Though Caldwell should have trodden more carefully with Carew, it was the official who showed a lack of common sense. “Hamer by name, homer by nature,” screamed the Scottish support, and their misfortune doubled when Riise’s subsequent free-kick deflected off Scott Brown and beyond the reach of David Marshall. Olsen said: “I wasn’t happy playing against 10 men at nil-nil but when the free-kick went in it changed everything. It gave us a huge advantage and the match was decided before half-time.”
Scotland’s task may have been arduous but their response was calamitous. Riise helped secure the points on the stroke of half-time with a glorious pass that resulted in his brother, Fulham’s Bjorn Helge Riise, setting up Pedersen for a second. Game over.

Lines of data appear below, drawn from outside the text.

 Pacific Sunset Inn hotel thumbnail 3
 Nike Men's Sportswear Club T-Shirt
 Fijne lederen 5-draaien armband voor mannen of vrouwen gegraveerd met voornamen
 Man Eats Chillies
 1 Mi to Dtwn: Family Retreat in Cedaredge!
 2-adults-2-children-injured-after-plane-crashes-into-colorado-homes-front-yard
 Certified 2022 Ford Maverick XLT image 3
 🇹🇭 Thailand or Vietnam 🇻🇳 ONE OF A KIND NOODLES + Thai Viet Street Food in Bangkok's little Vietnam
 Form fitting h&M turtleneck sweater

Carew created the third goal when he shrugged aside Alan Hutton and struck a shot against both posts. Erik Huseklepp converted the rebound. The centre-forward then had a legitimate goal disallowed when he poked Pedersen’s cross a yard over the line, via the bar, only for the assistant referee to rule otherwise. The Blackburn midfielder completed the rout with a 90th-minute free-kick.
Having lost Caldwell junior, Burley then saw Caldwell senior, Steven, suffer a groin strain and a third centre-half, the substitute Christophe Berra, suffer a hamstring injury. “It is a devastating result to concede four when we came here looking to cement our position in second, but it is still in our own hands,” Burley said.
Guardian Service
NORWAY:Knudsen, Hogli, Waehler, Hangeland, John Arne Riise, Bjorn Helge Riise (Skjelbred 84), Grindheim, Pedersen, Hoseth, Carew (Helstad 84), Huseklepp (Iversen 76). Subs not used: Jarstein, Reginiussen, Winsnes, Brenne. Booked: Carew, Hoseth, John Arne Riise.
SCOTLAND:Marshall, Hutton, Davidson, Steven Caldwell (McFadden 48), Gary Caldwell, Graham Alexander, Darren Fletcher, Commons, Brown, Miller, McCormack (Berra 37), Berra (Whittaker 78). Subs not used: Neil Alexander, Hartley, Maloney, Steven Fletcher. Booked: Gary Caldwell, Steven Caldwell.
Referee:Alain Hamar (Luxembourg).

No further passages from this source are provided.